_AIM OF THE TASK_
Which lines of the data contain the string "Gold"? Show each of them.

_Records contained in a dataset_

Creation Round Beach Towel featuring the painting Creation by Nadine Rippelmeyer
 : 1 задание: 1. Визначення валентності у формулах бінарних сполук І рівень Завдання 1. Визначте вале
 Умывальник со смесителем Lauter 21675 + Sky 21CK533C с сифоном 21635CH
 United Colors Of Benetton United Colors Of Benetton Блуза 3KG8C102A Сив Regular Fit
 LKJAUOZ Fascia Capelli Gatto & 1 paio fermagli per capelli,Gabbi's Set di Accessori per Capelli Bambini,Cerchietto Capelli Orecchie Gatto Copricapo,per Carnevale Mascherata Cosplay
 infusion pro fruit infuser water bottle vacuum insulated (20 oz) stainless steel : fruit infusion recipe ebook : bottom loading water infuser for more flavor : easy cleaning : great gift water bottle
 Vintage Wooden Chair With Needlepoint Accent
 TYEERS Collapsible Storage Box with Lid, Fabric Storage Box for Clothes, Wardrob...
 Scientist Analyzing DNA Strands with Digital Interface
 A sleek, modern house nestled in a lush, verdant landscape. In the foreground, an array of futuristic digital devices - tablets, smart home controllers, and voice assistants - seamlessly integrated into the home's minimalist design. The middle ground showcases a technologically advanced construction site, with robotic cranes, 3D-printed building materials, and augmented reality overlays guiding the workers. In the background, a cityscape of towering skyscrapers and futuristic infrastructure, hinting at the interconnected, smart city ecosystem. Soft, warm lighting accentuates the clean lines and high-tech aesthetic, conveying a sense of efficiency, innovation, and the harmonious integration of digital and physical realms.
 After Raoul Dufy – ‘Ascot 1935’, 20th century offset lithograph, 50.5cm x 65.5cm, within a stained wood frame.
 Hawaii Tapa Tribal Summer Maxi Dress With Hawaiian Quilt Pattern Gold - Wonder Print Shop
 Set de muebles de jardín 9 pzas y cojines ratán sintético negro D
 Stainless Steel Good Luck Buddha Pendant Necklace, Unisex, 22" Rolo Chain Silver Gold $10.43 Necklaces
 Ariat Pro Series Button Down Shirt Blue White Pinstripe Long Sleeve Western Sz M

_EXERCISE RESPONSE_
 Hawaii Tapa Tribal Summer Maxi Dress With Hawaiian Quilt Pattern Gold - Wonder Print Shop
 Stainless Steel Good Luck Buddha Pendant Necklace, Unisex, 22" Rolo Chain Silver Gold $10.43 Necklaces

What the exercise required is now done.